Она никогда не была в Герате. Почти нигде не была. Только в стенах гарнизона. Из Ташкента принес ее самолет в Кабульский аэропорт, окруженный снеговыми горами, с гудящими транспортами, взлетающими вертолетами, с обилием торопящихся усталых людей. И другой самолет поднял ее в небо, перенес через другие горы, опустил в эту жаркую степь. Она не была в Герате, только слышала о нем из рассказов. Он представлялся ей собранием синих мечетей, тесных глинобитных домов, разноцветных дуканов.
Черноусые афганские летчики и штабной офицер в чем-то достигли согласия. Раскланивались, пожимали друг другу руки, медленно шли к машине.
– Таня, я буду ждать! – Зульфия гладила ей руку. – Будем петь вместе «Катюшу». Я тебе дам самый большой, самый сладкий гранат! Из нашего кишлака.
* * *
Зульфия торопилась к мужу, садилась в машину, махала ей из кабины. А она вспоминала: он, Корнеев, рассказывал ей – кишлак между двух крутых гор. Большой гранатовый сад. Крепость с круглыми башнями. И оттуда, с башни, бил пулемет. В кишлаке, славном своими плодами, засели душманы, и он, командир, был ранен взрывом гранаты. Ранен легко. Солдаты волновались, спрашивали о своем командире. Офицеры ходили в медпункт, приносили вести о нем: лежит с перевязанной грудью. Солдаты написали ему письмо – пусть поскорей поправляется.
Она переживала и мучилась, ловила вести о нем. Хотела ему написать. Хотела его навестить. Не решалась. Боялась молвы, боялась его смутить, ему повредить. Боялась той, несуществующей женщины, что, должно быть, дежурила у его изголовья. Раз, проходя мимо медпункта, вдруг решилась зайти.
Врач дал ей халат, провел в палату. И она увидала его. Не голую, перетянутую бинтами грудь, не сильную, на белой подушке, руку, а лицо, удивившееся, восхитившееся при ее появлении, молодое, появившееся на этом лице веселье.
– Татьяна Владимировна, наконец-то вы!
А ей хотелось наклониться к нему, гладить его светлые, вихрами стоящие волосы, целовать его губы, глаза, белый бинт на груди, сильную крепкую руку. Она пробыла недолго. Мало говорили, все о пустяках, мелочах. Он сказал, что скоро поправится, не поедет на отдых в Союз, останется в гарнизоне.
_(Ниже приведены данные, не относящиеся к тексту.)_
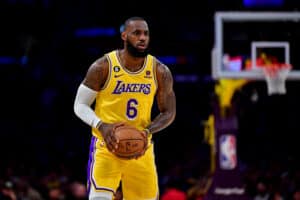 LeBron James, dos Lakers, dá resposta definitiva sobre aposentadoria em discurso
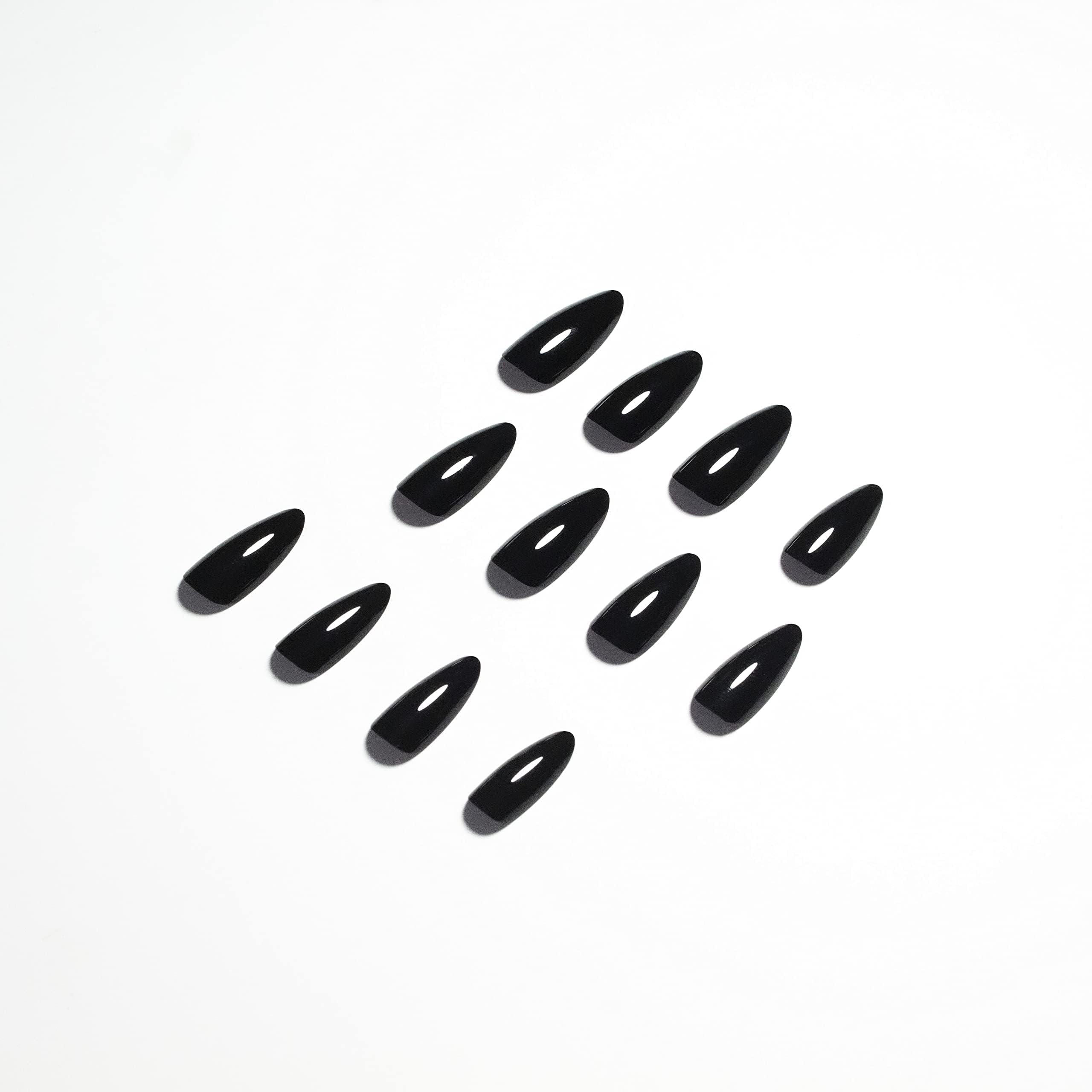 KQueenest All Black nails on hand demonstrating natural slim fit and comfort
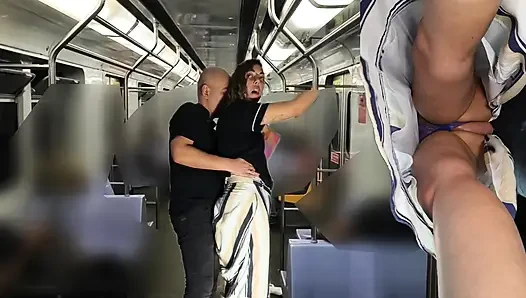 Menggosok dirinya sendiri selama perjalanan kereta bawah tanah di bawah roknya.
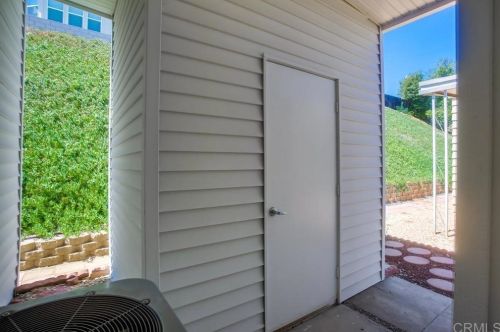 525 El Norte Pkwy, Escondido CA  92026-3902 exterior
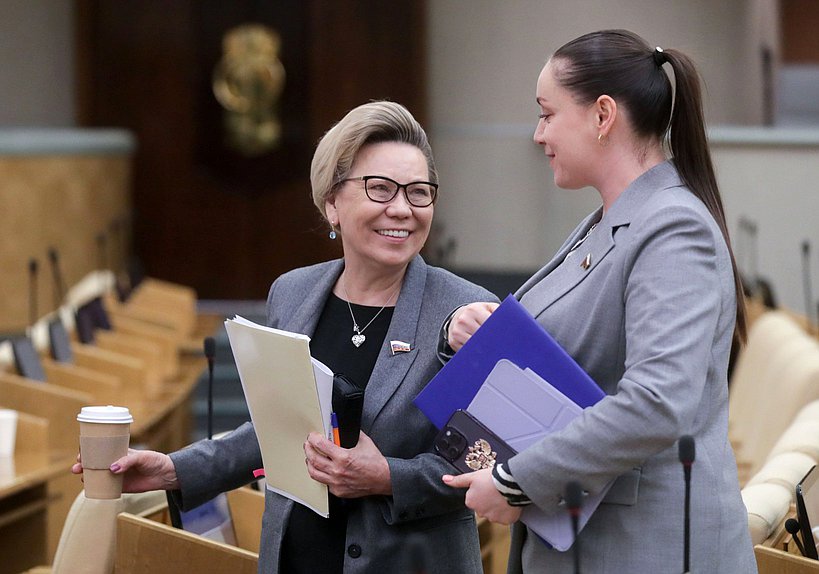 Член Комитета по бюджету и налогам Галина Данчикова и заместитель Председателя Комитета по молодежной политике Юлия Саранова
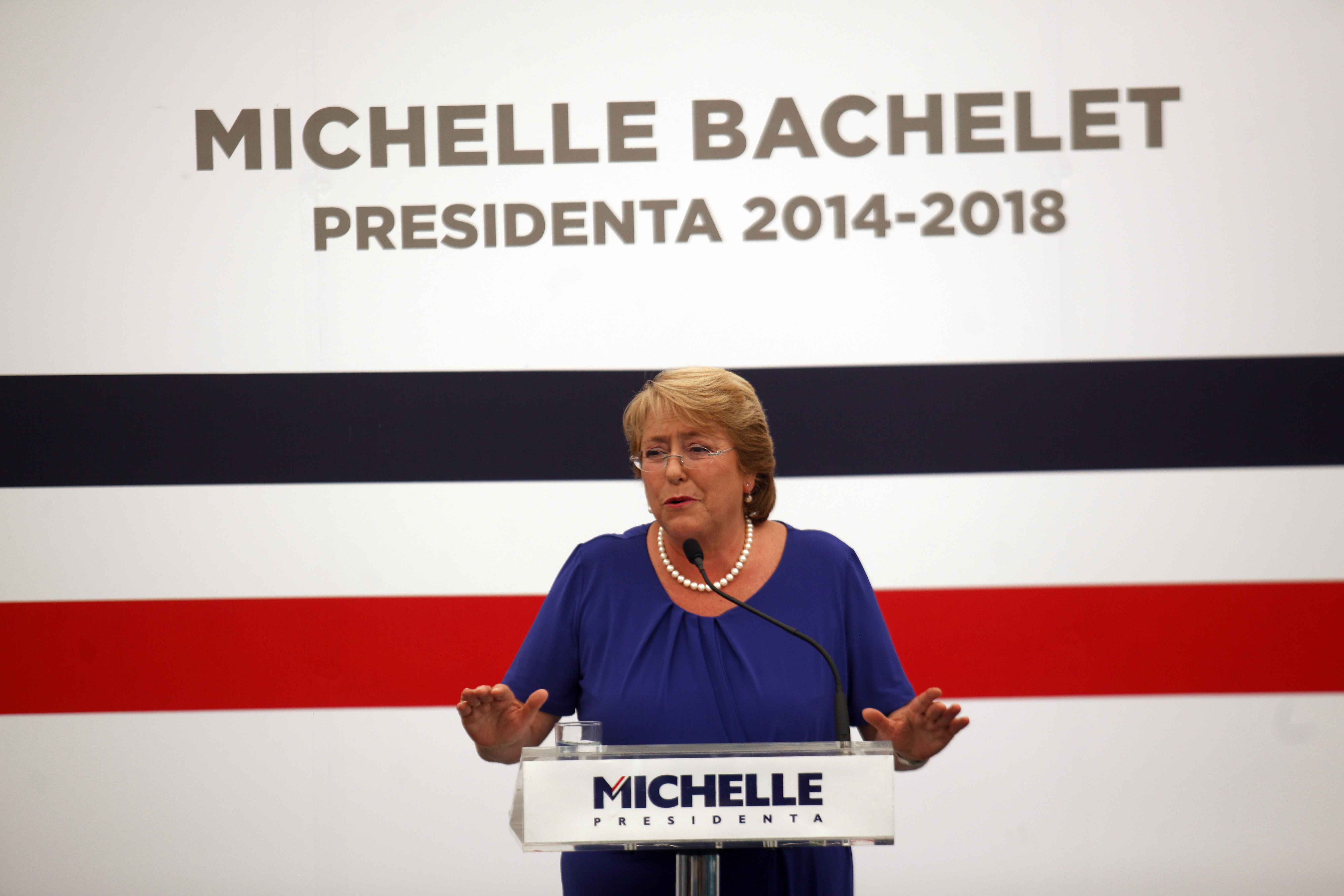 Bachelet triunfa por 24,3 puntos en elecciones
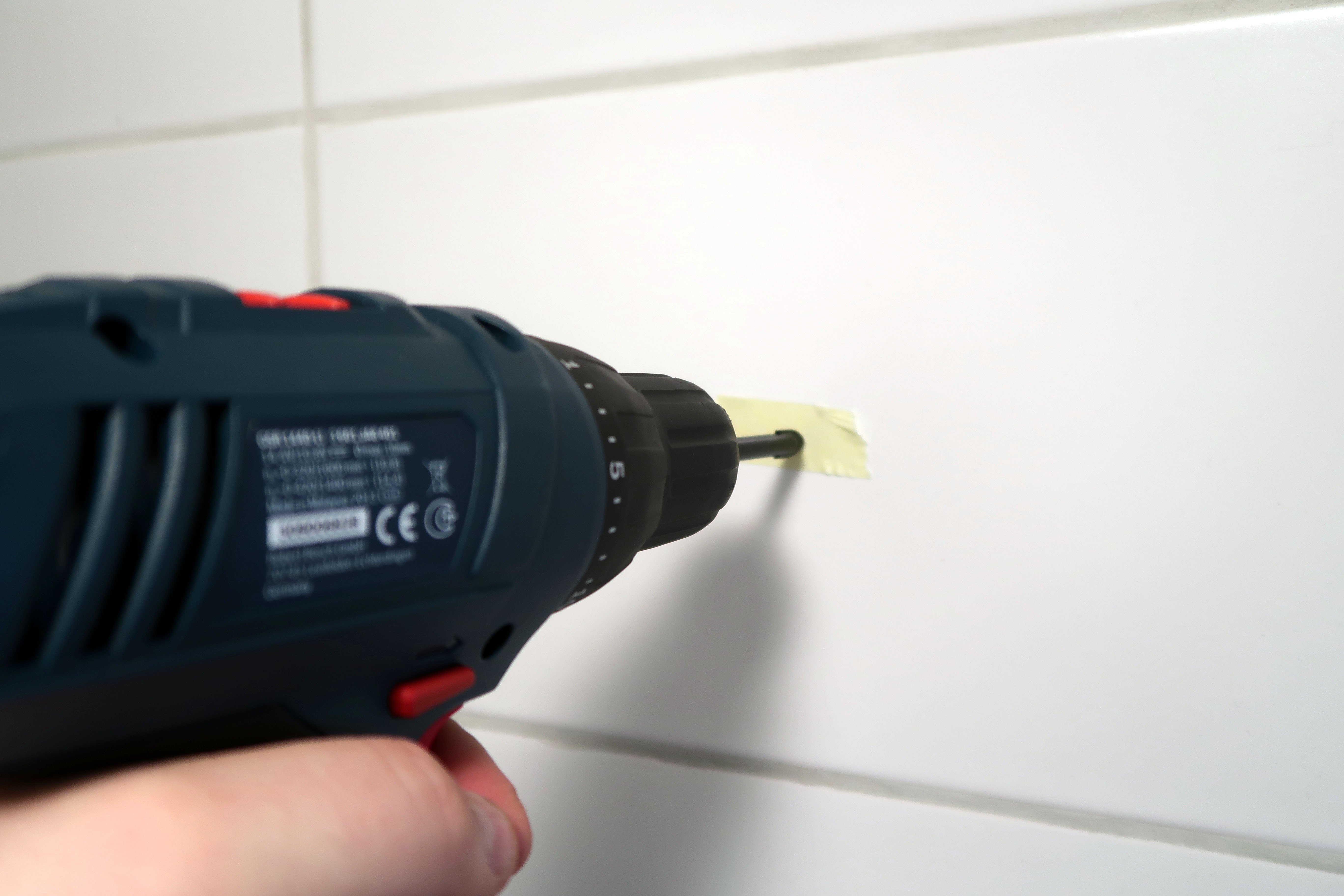 KLAR-FERDIG: Det er ikke så vanskelig å bore i fliser så lenge du velger riktig bor. Bruk et flisebor eller et diamantbor for de hardeste flisene. 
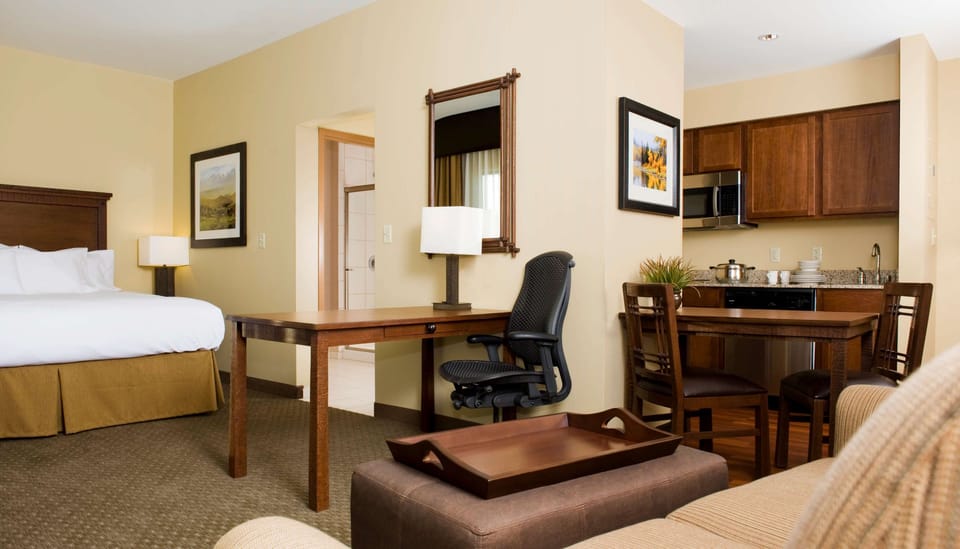 Premium bedding, down comforters, in-room safe, desk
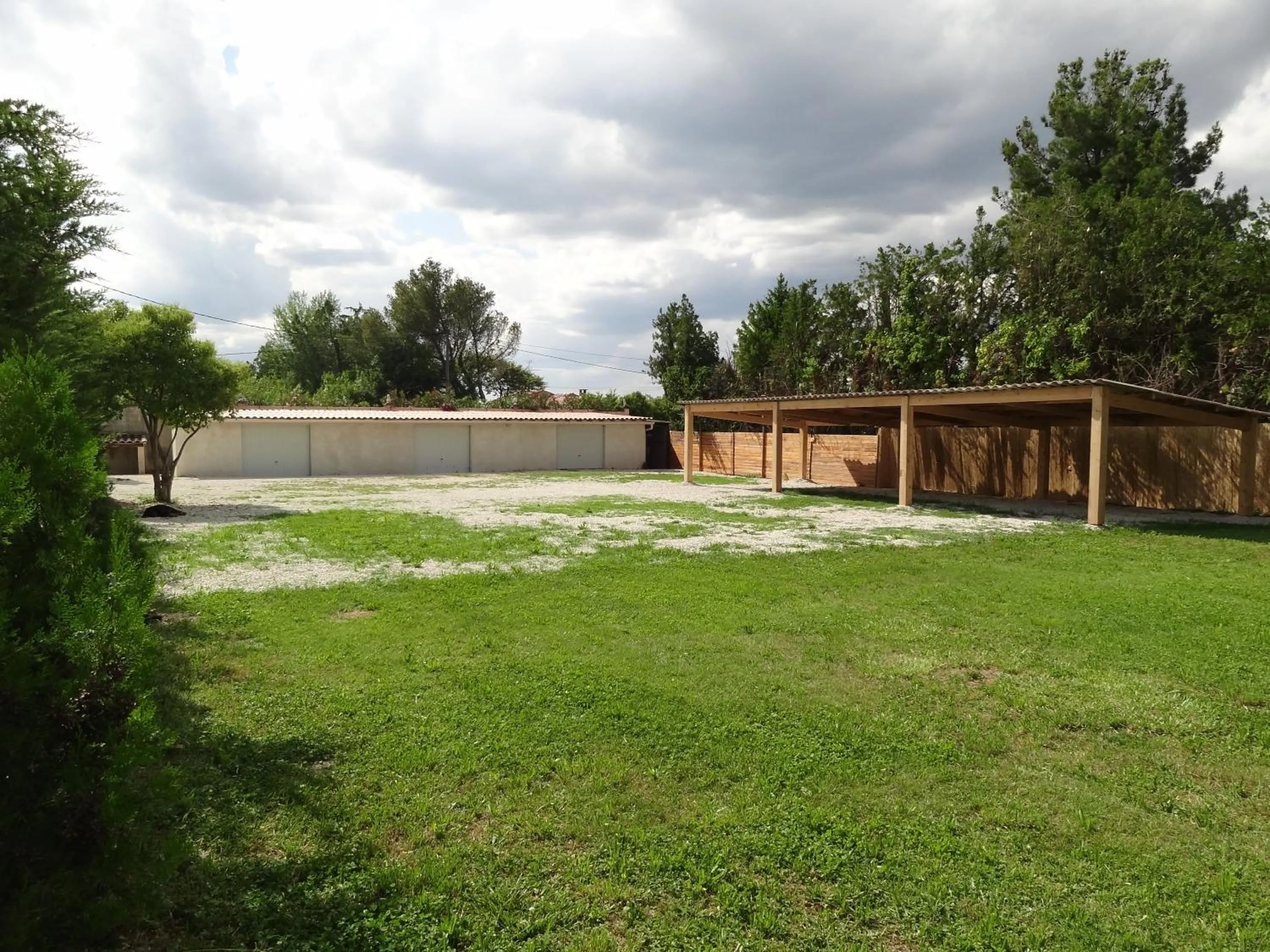 Area and facilities in Locations des Alpilles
Здесь его дело, здесь его близкие люди, здесь и встретит он Новый год. Она оглянулась: за окном сухая солнечная азиатская степь. Новый год на пороге? Сказала, что станет ждать его к Новому году, очень ждать станет.
И не просто ждала, а готовилась. Нашла на краю арыка перелетевший через ограждение клубок верблюжьей колючки. Поставила его дома в вазочку. Нарядила самодельными, сделанными из фольги игрушками. Чем не елка! Всеми правдами и неправдами раздобыла бутылку шампанского. Заместитель командира ездил в Союз и доставил благополучно бутылку, провезя ее на своем транспортере мимо засад, сожженных, опрокинутых в кюветы КамАЗов. И бутылка, из зеленого стекла, толстенная, тяжелая, с серебряной головой, хранилась теперь в ее шкафчике. Испекла пирог, волнуясь, колдуя, начиняя его изюмом, посыпая корицей и мятой, добытыми в кишлаке у дуканщика. На березовый, подобранный у котельной чурак, на белую его бересту прилепила свечи, поставила на стол перед елкой. И стол был готов, и свечи горели, и мерцали в окошке звезды. И он пришел к ней, торжественный, с орденом на груди, и она искала, где его посадить. Посадила у окошка, у звезд.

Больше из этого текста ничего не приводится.